I'm saving all the extra planter hoppers as spare parts.


----------



## guido5221 (May 22, 2014)

I planted the same time you did. 10 acres row planted, sprayed with Pre-emergent and using electric fence to keep the deer out. Everything seems to be working good.


----------



## Luke0927 (May 23, 2014)

That's going to be a nice field there.  You should see a sunflower field in South Dakota puts GA fields to shame!


----------



## GLS (May 26, 2014)

If I were forced to choose between shooting doves over a 200+ acre production sunflower field in SD or a 20 acre sunflower field planted for dove hunting in Georgia, I think I'd choose the southern field, especially in December-January.  The only thing shameful in the field would be my shooting.


----------



## guido5221 (Jun 2, 2014)

33 days since planting


----------



## nrh0011 (Jun 2, 2014)

What did you spray for weeds with your sunflowers?


----------



## Curly (Jun 3, 2014)

Likely Sparten Charger for pre and Cadre for Post


----------



## guido5221 (Jun 3, 2014)

Dual Magnum and Spartan charge.

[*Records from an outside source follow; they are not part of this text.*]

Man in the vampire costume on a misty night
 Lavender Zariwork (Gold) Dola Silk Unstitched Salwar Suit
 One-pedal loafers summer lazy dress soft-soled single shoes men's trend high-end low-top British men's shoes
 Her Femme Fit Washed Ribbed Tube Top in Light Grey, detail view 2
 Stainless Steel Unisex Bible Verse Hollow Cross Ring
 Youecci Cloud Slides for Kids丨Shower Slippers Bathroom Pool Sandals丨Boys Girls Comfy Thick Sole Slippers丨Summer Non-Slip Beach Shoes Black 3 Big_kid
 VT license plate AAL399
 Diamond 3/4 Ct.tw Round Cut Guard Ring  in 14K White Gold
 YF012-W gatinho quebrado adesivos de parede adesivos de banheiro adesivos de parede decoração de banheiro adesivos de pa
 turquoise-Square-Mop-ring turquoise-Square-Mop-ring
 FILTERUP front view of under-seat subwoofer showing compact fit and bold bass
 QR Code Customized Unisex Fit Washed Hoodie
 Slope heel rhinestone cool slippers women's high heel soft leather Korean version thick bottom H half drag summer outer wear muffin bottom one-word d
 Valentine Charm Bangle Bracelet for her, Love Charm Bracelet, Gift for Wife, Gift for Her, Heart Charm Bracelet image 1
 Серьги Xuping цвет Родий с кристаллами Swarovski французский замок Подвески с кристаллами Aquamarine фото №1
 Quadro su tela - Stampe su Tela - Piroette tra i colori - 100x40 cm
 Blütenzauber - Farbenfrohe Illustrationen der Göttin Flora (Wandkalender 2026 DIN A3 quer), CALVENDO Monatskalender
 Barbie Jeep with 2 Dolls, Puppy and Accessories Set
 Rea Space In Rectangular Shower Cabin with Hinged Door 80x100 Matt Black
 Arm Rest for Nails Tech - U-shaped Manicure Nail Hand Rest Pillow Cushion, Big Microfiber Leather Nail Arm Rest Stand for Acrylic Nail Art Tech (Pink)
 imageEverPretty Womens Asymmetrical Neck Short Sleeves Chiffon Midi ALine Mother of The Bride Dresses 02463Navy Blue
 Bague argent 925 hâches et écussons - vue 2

Didn't need to spray any post emergent.


----------



## wacknstack (Jun 3, 2014)

I also use spartan and dual


----------



## wacknstack (Jun 3, 2014)

All this talk about sunflowers and I had to get out some old pics from my 27 acre field from last year. The pics above are the same field I planted this year. We I had a lot of rain last year it hope they turn out like these 2013 flowers!


----------



## wacknstack (Jun 3, 2014)

*More pics*

Chattahoochee dirt!


----------



## wacknstack (Jun 3, 2014)

*More 2013 pics*

I hope they get up like this again. Pray for rain!


----------



## wacknstack (Jun 3, 2014)

*More 2013 pics*

I hope they get up like this again. Pray for rain!


----------



## hogana (Jun 7, 2014)

Excellent


----------



## Luke0927 (Jun 20, 2014)

GLS said:


> If I were forced to choose between shooting doves over a 200+ acre production sunflower field in SD or a 20 acre sunflower field planted for dove hunting in Georgia, I think I'd choose the southern field, especially in December-January.  The only thing shameful in the field would be my shooting.



No pheasant in a GA sun flower field......

Fields coming along nice will be a good stand for dove.


----------



## wacknstack (Jun 21, 2014)

*This years flowers!*

The pics I posted above are last years pics. Here are a few from this years dove field.


----------



## guido5221 (Jun 21, 2014)

Gettin there


----------